The Los Angeles Dodgers officially announced on Thursday that they have signed free agent outfielder A.J. Pollock to a four-year contract. The deal is expected to be worth around $55 million with incentives and escalators built in.
Dodgers president of baseball operations Andrew Friedman is known to hand out some creative contracts, and this is another one as options can have the deal end up being three, four or five years. The average annual value of the contract is believed to be $12 million, which matters for luxury tax purposes.
Pollock is a player the Dodgers are very familiar with considering he spent his entire seven-year Major League career in the National League West with the rival Arizona Diamondbacks.
He has dealt with a multitude of injuries in his career, including a broken elbow, broken thumb and strained groin. The Dodgers obviously feel that he is not injury-prone though if they were willing to commit to him for four years.
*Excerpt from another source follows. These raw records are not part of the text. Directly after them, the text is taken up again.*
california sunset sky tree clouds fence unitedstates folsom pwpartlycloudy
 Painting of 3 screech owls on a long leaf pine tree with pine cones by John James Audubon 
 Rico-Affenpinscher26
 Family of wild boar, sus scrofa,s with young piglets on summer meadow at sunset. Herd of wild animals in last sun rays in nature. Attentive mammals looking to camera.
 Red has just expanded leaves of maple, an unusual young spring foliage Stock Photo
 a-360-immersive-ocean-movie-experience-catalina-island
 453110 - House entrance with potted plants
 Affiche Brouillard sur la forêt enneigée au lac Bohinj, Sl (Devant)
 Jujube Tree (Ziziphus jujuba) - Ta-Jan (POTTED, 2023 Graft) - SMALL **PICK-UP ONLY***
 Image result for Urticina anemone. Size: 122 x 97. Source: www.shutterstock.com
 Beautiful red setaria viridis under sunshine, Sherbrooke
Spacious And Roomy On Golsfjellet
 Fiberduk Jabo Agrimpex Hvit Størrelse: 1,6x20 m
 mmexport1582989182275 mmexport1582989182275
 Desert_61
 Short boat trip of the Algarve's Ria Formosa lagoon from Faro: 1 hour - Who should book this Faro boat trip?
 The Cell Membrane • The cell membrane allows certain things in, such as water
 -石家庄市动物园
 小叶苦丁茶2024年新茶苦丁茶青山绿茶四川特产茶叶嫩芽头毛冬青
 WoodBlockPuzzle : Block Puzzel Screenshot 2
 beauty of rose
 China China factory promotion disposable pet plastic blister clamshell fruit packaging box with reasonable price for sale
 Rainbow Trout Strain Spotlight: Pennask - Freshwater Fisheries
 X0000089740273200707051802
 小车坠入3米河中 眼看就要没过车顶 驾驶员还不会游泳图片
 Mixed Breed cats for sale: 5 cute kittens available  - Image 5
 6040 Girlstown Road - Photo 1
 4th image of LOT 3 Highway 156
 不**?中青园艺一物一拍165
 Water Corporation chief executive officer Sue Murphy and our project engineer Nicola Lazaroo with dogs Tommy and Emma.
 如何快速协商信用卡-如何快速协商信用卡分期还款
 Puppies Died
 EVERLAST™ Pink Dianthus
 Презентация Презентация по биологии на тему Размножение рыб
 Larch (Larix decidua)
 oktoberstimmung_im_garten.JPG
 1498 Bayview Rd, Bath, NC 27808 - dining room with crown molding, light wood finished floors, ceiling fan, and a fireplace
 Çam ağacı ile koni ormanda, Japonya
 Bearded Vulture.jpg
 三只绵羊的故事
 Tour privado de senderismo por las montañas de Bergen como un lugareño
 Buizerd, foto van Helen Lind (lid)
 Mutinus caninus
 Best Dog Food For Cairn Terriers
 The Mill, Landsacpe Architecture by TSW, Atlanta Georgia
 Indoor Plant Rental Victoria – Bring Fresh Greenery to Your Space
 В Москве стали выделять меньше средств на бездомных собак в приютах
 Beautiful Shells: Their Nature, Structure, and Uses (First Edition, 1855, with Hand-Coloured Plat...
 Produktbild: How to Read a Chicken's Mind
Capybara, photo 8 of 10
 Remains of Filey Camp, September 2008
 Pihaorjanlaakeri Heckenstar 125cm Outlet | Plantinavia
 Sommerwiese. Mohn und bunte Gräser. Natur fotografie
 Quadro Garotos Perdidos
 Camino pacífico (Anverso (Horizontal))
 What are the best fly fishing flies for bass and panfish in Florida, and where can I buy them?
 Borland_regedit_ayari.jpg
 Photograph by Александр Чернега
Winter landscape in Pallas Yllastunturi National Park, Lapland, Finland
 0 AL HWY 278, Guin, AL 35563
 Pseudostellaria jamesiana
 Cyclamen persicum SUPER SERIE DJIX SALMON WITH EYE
When healthy, Pollock has been a quality player. In 113 games in 2018, he hit .257/.316/.484 with 21 home runs, 65 RBI and 13 stolen bases in 15 attempts.
He has a career .805 on-base plus slugging percentage, and the last time he had a fully healthy season in 2015, he slashed .315/.367/.498 with 20 home runs, 76 RBI and 39 stolen bases in 157 games.
Pollock also won a Gold Glove playing center field in 2015, and is known to be one of the best defensive outfielders in the game. Whether he stays at that position or slides over to one of the corners in favor of Cody Bellinger remains to be seen, although Bellinger’s versatility would allow him to play one of the corners.
Considering Pollock was given a qualifying offer by the Diamondbacks, the Dodgers forfeit a 2019 draft pick and $500,000 in international signing money by signing him. The Dodgers received a draft pick when Yasmani Grandal signed with the Milwaukee Brewers, so this essentially cancels that out.